Per quanto riguarda le relazioni tra la Cassa e Telecom, si è parlato di uno scambio tra il 100% di Metroweb ed il 100% di Sparkle, il nome moderno della vecchia e potentissima Italcable. Ma è una ipotesi che non sta in piedi, per mille ragioni: Telecom si accollerebbe una società che ha come patrimonio una rete sostanzialmente analoga alla propria, un debito consistente e la necessità di fare investimenti per svilupparsi. L’acquisto sarebbe un sacrificio giustificabile solo con l’obiettivo strategico di sottrarre una preda alla concorrenza. Cedere completamente Sparkle toglierebbe invece a Telecom l’unico asset che ancora le dà un respiro internazionale, e per il quale si mossero gli americani di AT&T anni fa, quando fu tentata la acquisizione insieme a Carlos Slim, prevalentemente interessato agli asset latinoamericani. Al più, Telecom potrebbe cedere una quota minoritaria di Sparkle, ma sarebbe una soluzione finanziaria che non inciderebbe sugli altri profili all’attenzione del Governo, che considera questo asset strategico per la sicurezza nazionale. Se così fosse, ed è comprensibile che lo sia, questo problema andrebbe risolto in quanto tale: dovevano essere apprestate cautele idonee già da tempo. La verità è che, venuti meno i monopoli pubblici, la Cassa aiuta il Tesoro come può, e si barcamena con partecipazioni e soluzioni organizzative in continua evoluzione. Il Fondo Strategico Italiano, ad esempio, si è trasformato recentemente in CDP Equity, per mettere in cassaforte le imprese considerate particolarmente rilevanti per fini pubblici, ponendo sotto lo stesso cappello Saipem, Metroweb, Sia ed Ansaldo Energia. Rimane fuori Snam, così come la partecipazione in Terna, dimostrando che una matrice organizzativa ed industriale che consideri unitariamente le infrastrutture di rete è recessiva rispetto ad altre priorità.

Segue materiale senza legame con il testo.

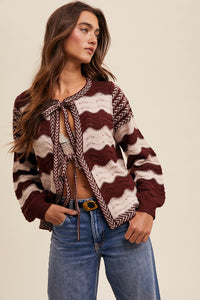 Eden Striped Cardigan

Sia nel caso di un’acquisizione di Metroweb da parte di Telecom, sia da parte di Enel, ci sono rilevanti questioni antitrust: nel primo, è già stato sottolineata la necessità di verificare che non comporti il rafforzamento della posizione dominante in essere nel settore delle infrastrutture; nel secondo, andrebbe verificato se il costo dell’operazione non venga indirettamente accollato agli utenti della fornitura elettrica. Ci potrebbe essere un sussidio incrociato, visto l’ingresso in un mercato effettivamente liberalizzato e fortemente concorrenziale, quale è quello delle telecomunicazioni, da parte di un soggetto che beneficia ancora di una posizione dominante nel mercato della fornitura elettrica domestica. La liberalizzazione è solo sulla carta, vista la grande quantità di clienti che usufruiscono ancora delle condizioni di “maggior tutela”.

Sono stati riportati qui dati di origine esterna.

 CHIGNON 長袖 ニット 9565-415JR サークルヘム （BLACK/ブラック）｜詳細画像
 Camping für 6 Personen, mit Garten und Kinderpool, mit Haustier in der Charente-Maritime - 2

Il governo, da parte sua, ha portato alla approvazione del Cipe un piano a sostegno della realizzazione delle infrastrutture di rete a banda ultra larga nelle aree a fallimento di mercato, con una dotazione di 3 miliardi di euro: è un investimento importante per il futuro del Paese. Si costruirà una infrastruttura nuova, trascurando quella, già esistente, universale e sottoutilizzata, rappresentata dalla rete di illuminazione pubblica. Con una sola operazione si potrebbe ridurre il consumo energetico usando lampade a led, portare la fibra ottica dappertutto, predisporre un sistema per la ricarica delle auto elettriche e magari lo scambio peer to peer di energia. Si darebbe valore una infrastruttura che non è neppure censita nel conto del patrimonio: è un classico caso di “strained asset”, attivo sommerso. Quando si liberalizzarono le telecomunicazioni, furono subito utilizzate le reti delle Ferrovie, delle Poste, della Snam e dell’Enel, prima asservite alle sole funzioni aziendali. E tutti ne beneficiarono.

L’Italia è sicuramente in ritardo sulla banda ultra larga, ma sarebbe meglio se guardasse al futuro e rimeditasse il passato. Discutiamo di Metroweb e consoliamoci con l’aglietto.